# Worldmark Seaside



## sparty (Nov 27, 2019)

Spent four days at Seaside last week, been about 1 year since my last stay and here are some of my observations.

1. Improved internet - seems like they have WiFi access points in the halls outside almost every condo.  The 5 GHz didn't work so well but the 2.4 GHz worked a lot better which is surprising. Opposite of what I found at Glen Eden.  I was able to work and do IP based conferencing with no issues - pleasant surprise.

2. MO's is open! - Mo's is right next door - I think the Shilo Inn may scare people away but this is a regular MO's and was fantastic.  Surprised more folks don't say anything about it.  The outdoor patio has heaters and is warm so don't be afraid to sit outside.

3. Pool & Spa Restoration - Pool & Spa are back open, they replaced all the top tile - couldn't really tell much of a difference but staff was all excited about it.  All the jets were strong and working which is a plus - the main pool they lowered the temp which is ok with me, but many found too cool.

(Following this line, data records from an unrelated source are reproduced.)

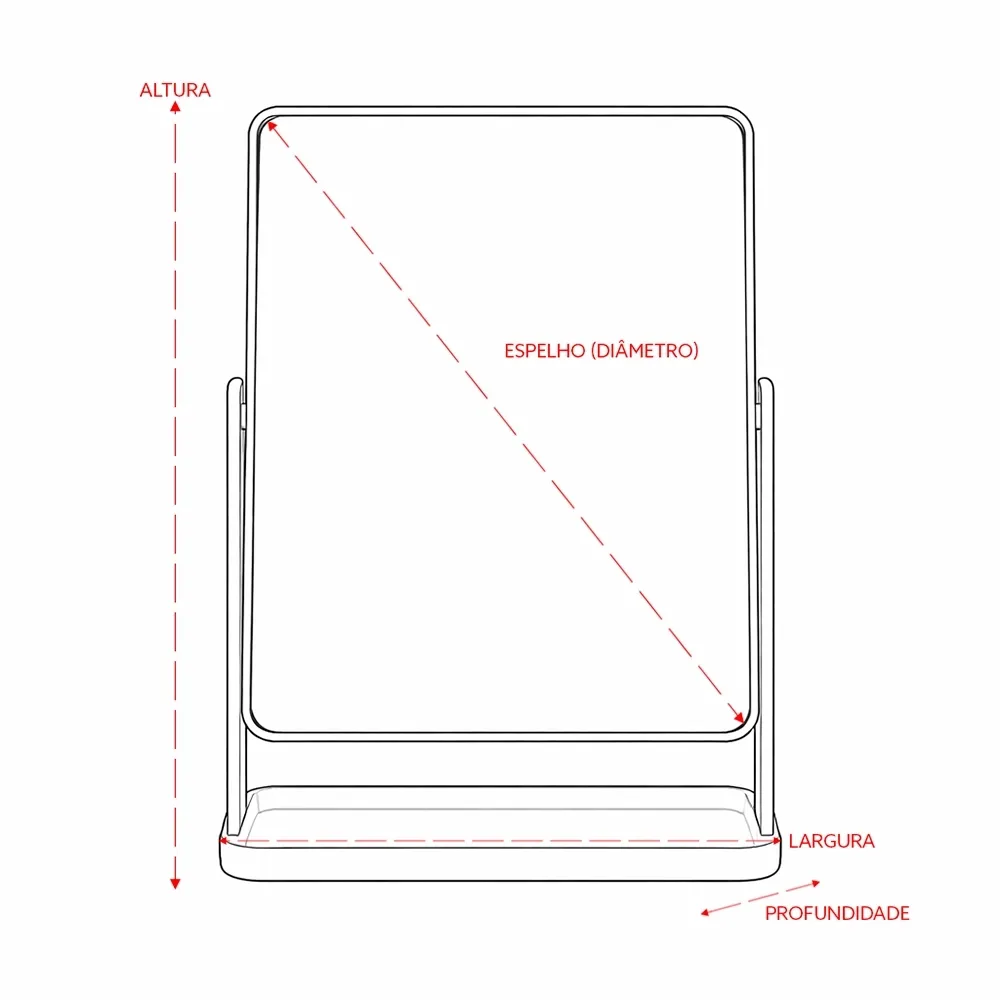 Espelho de Mesa Plástico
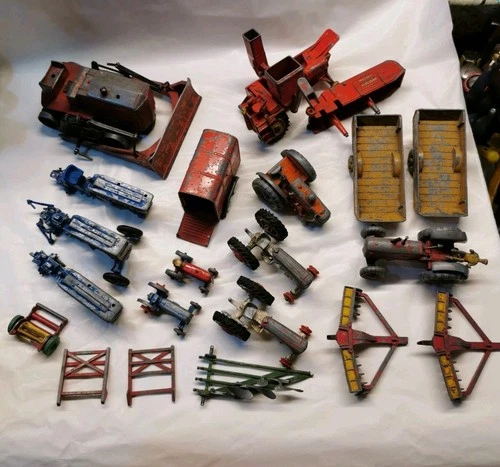 Job Lot Vintage Dinky, Corgi Major, Meccano, Lesney Farm Vehicles - Collection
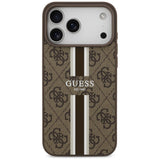 Guess 4G Printed Stripes MagSafe case til iPhone 17 Pro Max - brun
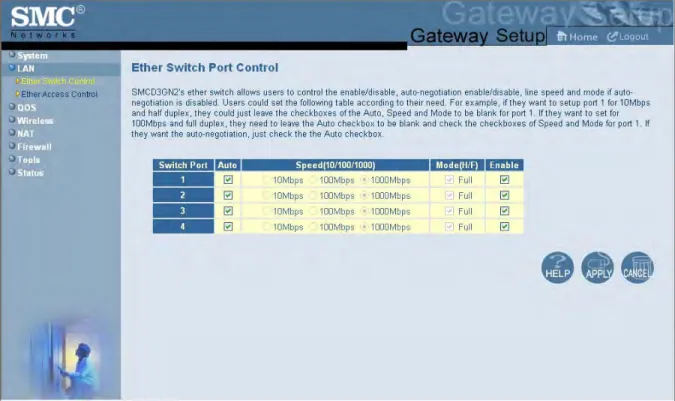 Figure 21. Ether Switch Port Control Menu 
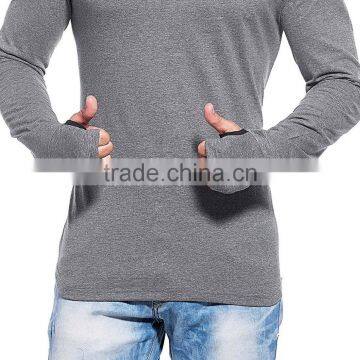 Mens Full Sleeve Round Neck Dark Grey Cotton Tshirt photo-4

4. Promenade & Biking - Took our e-bikes and cruised all around the town, fantastic.  Didn't see any place renting e-bikes but there may be.  Having a bike room makes Seaside great - with e-bikes locking them up outside is not good- there is tremendous bike theft in Oregon but putting them in a locked bike room and then locking them up there is pretty safe. I kept the batteries in the condo.  Mrs Sparty got all kinds of complements on her e-bike while cruising slowly on the promenade - mine looks more like a kids bike 

5. King tides and sneeker waves - there are king tides in Nov and December - to me the low tide looked exceptionally low.  I was able to walk all the way out and stand next to the Seaside Aquarium's intake pipe - people always ask - "What is that funny pipe sticking out there" It's the Aquariums fresh salt water intake pipe - very unique.    However my main point here is there have been many lives lost at Seaside due to sneeker waves and the National Weather Service had warnings up and still may have them up.. Be careful - never turn your back on the ocean when at Seaside - especially when you're far out like I was.


----------



## DaveNV (Nov 27, 2019)

Sounds nice! It’s on my list.

Dave


----------



## geist1223 (Nov 27, 2019)

Back in August they had one of the lowest tides of the year -2.0. A normal low tide is between -0.5 and +.05. So minus 2.0 was fantastic. You could walk out more than a hundred yards past the pipe sticking out of the sand.


----------